» YOUR ASSIGNMENT: Below are some records; give them all again exactly, but not the pictures.

☆ ☆ ☆ ☆ ☆

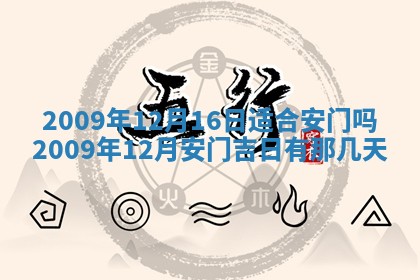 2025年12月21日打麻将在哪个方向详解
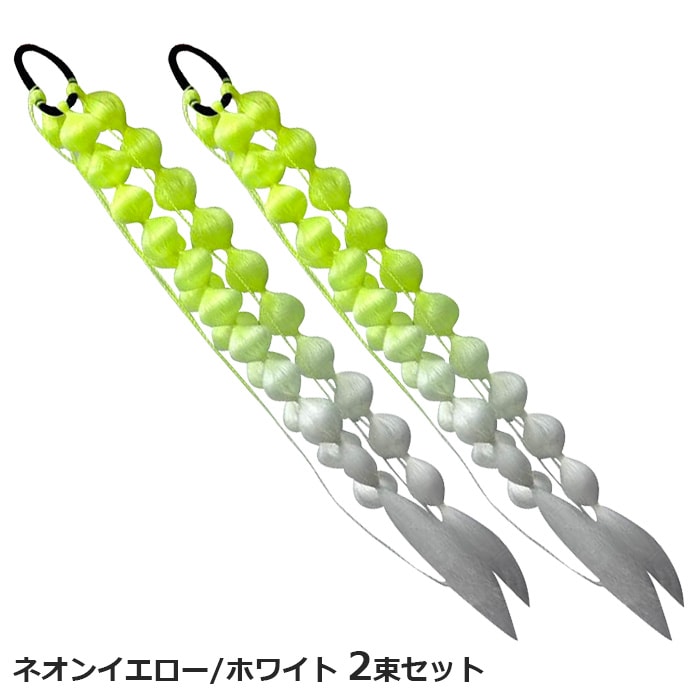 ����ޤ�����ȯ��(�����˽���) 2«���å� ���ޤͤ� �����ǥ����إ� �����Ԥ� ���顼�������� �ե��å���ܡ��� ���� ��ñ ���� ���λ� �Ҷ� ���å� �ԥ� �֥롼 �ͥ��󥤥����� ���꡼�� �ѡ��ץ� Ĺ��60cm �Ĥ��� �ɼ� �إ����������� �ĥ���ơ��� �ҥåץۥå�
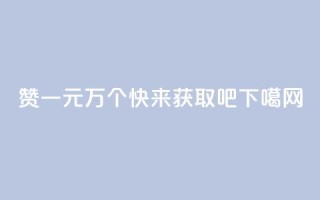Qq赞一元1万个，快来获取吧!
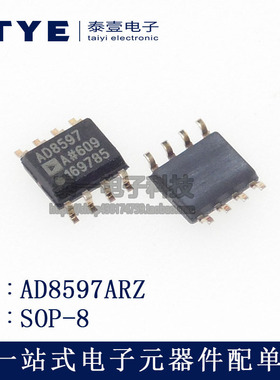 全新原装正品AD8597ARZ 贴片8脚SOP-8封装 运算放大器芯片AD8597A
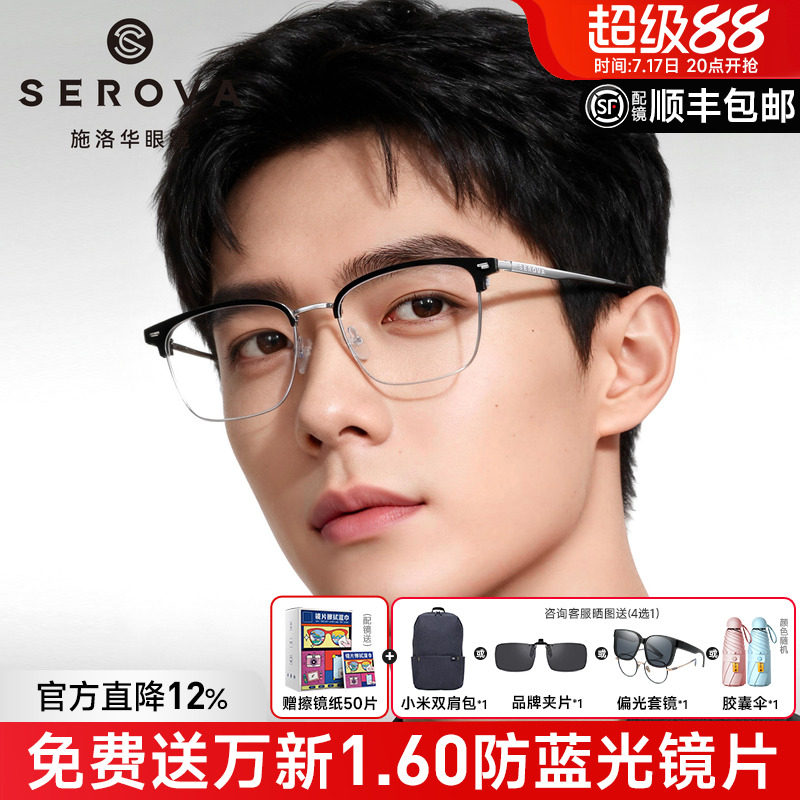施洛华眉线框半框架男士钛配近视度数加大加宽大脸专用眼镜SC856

☆ ☆ ☆ ☆ ☆

» ANSWER TO THE PROBLEM:
 2025年12月21日打麻将在哪个方向详解
 ����ޤ�����ȯ��(�����˽���) 2«���å� ���ޤͤ� �����ǥ����إ� �����Ԥ� ���顼�������� �ե��å���ܡ��� ���� ��ñ ���� ���λ� �Ҷ� ���å� �ԥ� �֥롼 �ͥ��󥤥����� ���꡼�� �ѡ��ץ� Ĺ��60cm �Ĥ��� �ɼ� �إ����������� �ĥ���ơ��� �ҥåץۥå�
Qq赞一元1万个，快来获取吧!
 全新原装正品AD8597ARZ 贴片8脚SOP-8封装 运算放大器芯片AD8597A
施洛华眉线框半框架男士钛配近视度数加大加宽大脸专用眼镜SC856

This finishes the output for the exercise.